Gli altri sport nel frattempo dormono sonni tranquilli, consapevoli del fatto che nessuno andrà mai a cercare così a fondo, e se mai qualcuno per pura sfortuna finisse nella rete, se la potrebbe cavare con qualche scusa originale. Così è stato per Gattuso, calciatore del Milan, o per Cesar Cielo, il nuotatore brasiliano che prima dei mondiali, risultato positivo, se l’è cavata solo con un “richiamo”, andando poi a vincere proprio la medaglia d’oro. O per Zico, il famoso calciatore brasiliano, che ha ammesso l’uso degli ormoni della crescita, o per Novak Djokovic, il n°1 del tennis mondiale, che ha ammesso l’uso della tenda iperbarica (che nel ciclismo è vietata). Questo spiega come sia passato dall’essere un buon giocatore, a un superman imbattibile (solo 2 sconfitte quest’anno).
La verità è che se una notizia non viene pubblicata, automaticamente non esiste. Nel mondo veloce e iperstressato di oggi chi ha il tempo di andare a cercare le notizie tra le righe? Credo nessuno. Allora ci si accontenta di quello che ti propinano e come nel film Matrix, ingoiamo la pillola blu e continuiamo a vivere nel paese delle meraviglie, credendo che tutto sia buono e bello, tranne qualche cattivello che viene messo ai margini del paese.

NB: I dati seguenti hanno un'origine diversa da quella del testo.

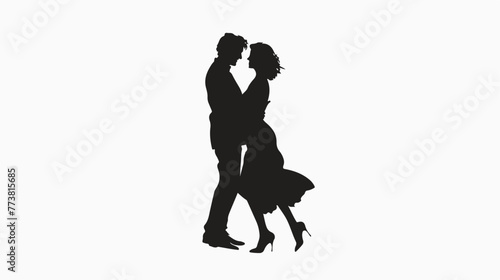 Silhouette of dancing couple isolated on white flat vector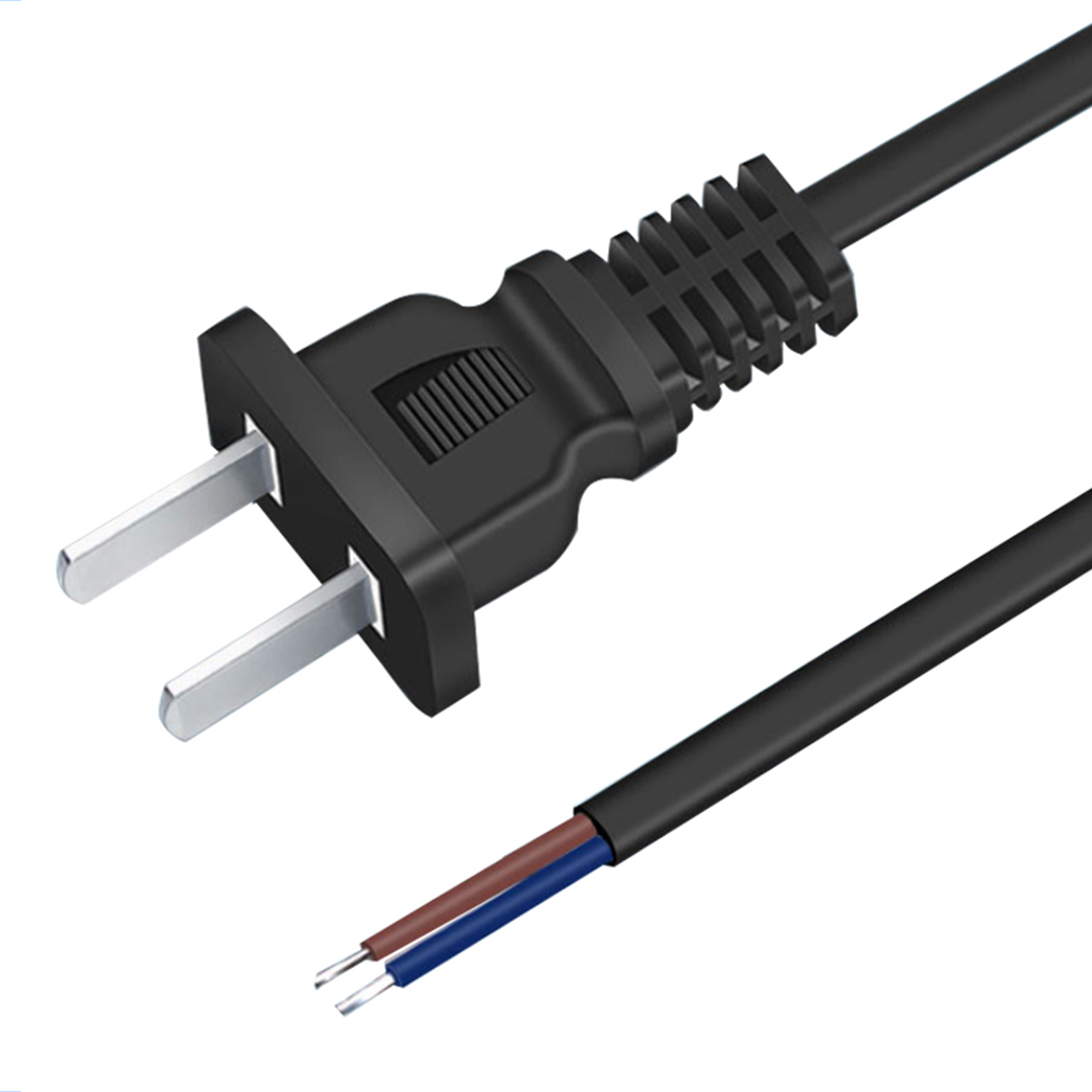 国标二插电源线两芯0.5/0.75平方家用电器电线尾部上锡插头线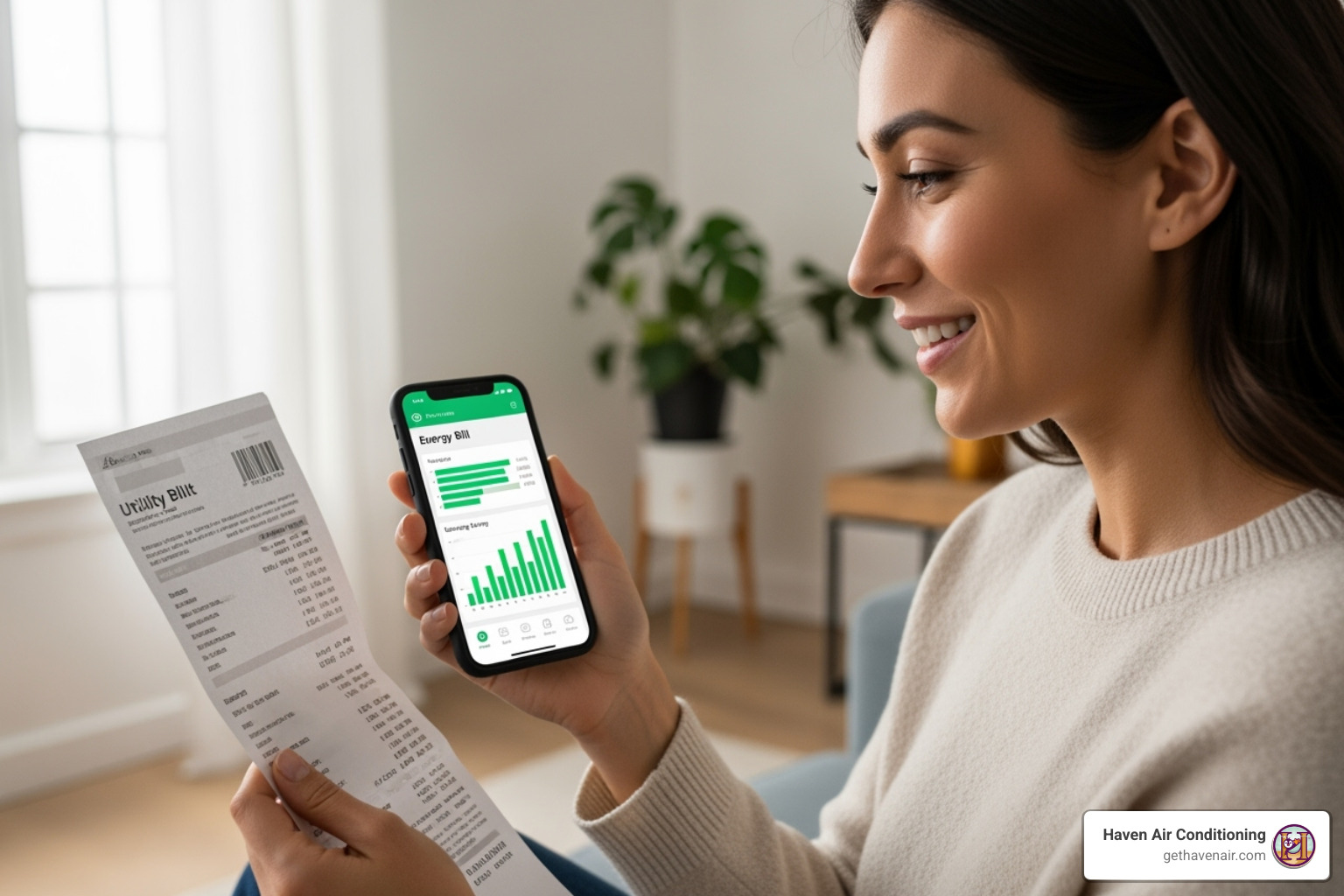 Homeowner looking happily at lower energy bill - hvac installation in anaheim ca Homeowner looking happily at lower energy bill - hvac installation in anaheim ca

Io non so perchè il ciclismo abbia vinto l’Oscar per lo sport più tartassato e martoriato. Di sicuro un capro espiatorio ci voleva, per fare di questo sport la bella copertina patinata di un movimento antidoping serio, che facesse credere a tutti che lo sport possa essere pulito. Forse perchè per vedere il ciclismo non si paga il biglietto, o forse perchè non ci sono abbonamenti o tessere, o perchè i diritti televisivi del ciclismo non sono al livello del calcio o del tennis. Io non ho mai difeso a spada tratta il ciclismo.

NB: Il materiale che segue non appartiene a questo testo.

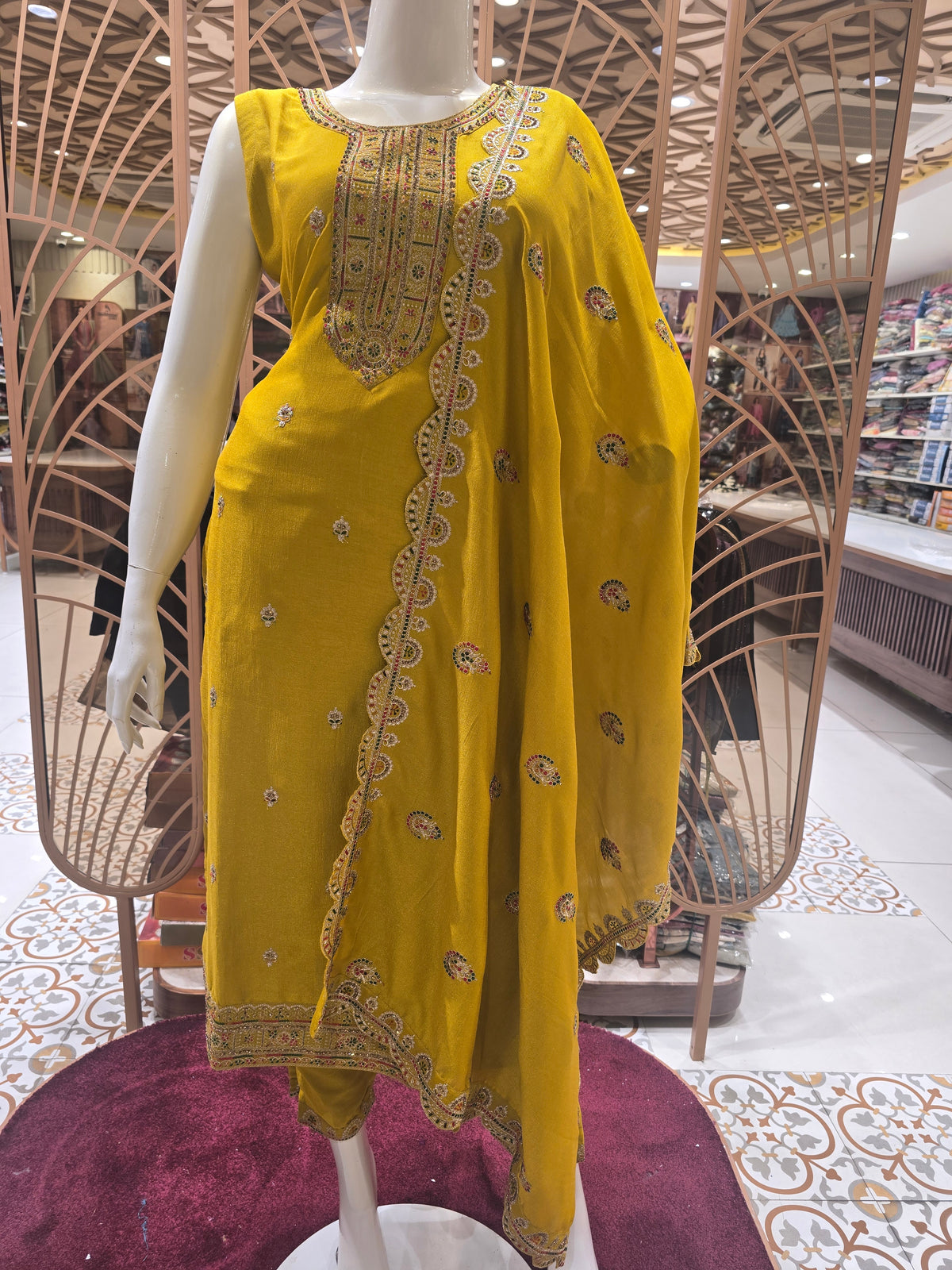 Mustard Shining Softsilk Party Wear Set for Women with Zari Embroidery, Thread Work & Cutwork Border Dupatta – Elegant Occasion Wear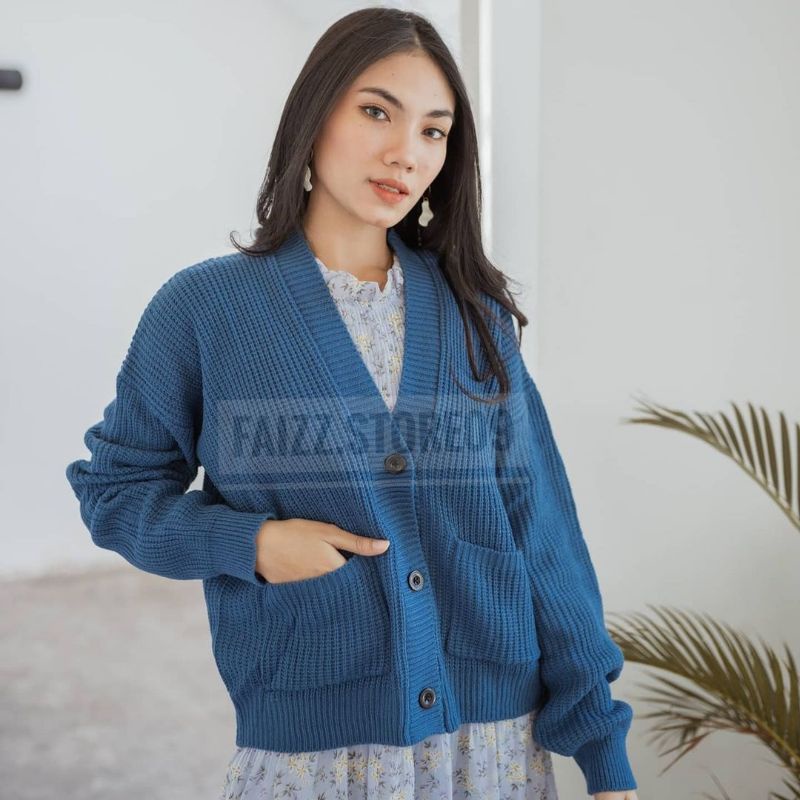 SHELA CARDIGAN RAJUT CROP BUTTON OVERSIZE PREMIUM STORE09 MURAH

Quando c’è stato da accusarlo l’ho fatto. Solo che non sopporto l’idea che sia l’unico sport così ipercontrollato, ma soprattutto che l’opinione pubblica mi dia del “dopato” solo perchè ho l’hobby del ciclismo. Ma d’altra parte se hai inghiottito la pillola blu, non puoi capire molto di come vanno realmente le cose.Allora parafrasando una frase del recente scomparso Steve Jobs direi: “Rimanete svegli, rimanete con le antenne drizzate!”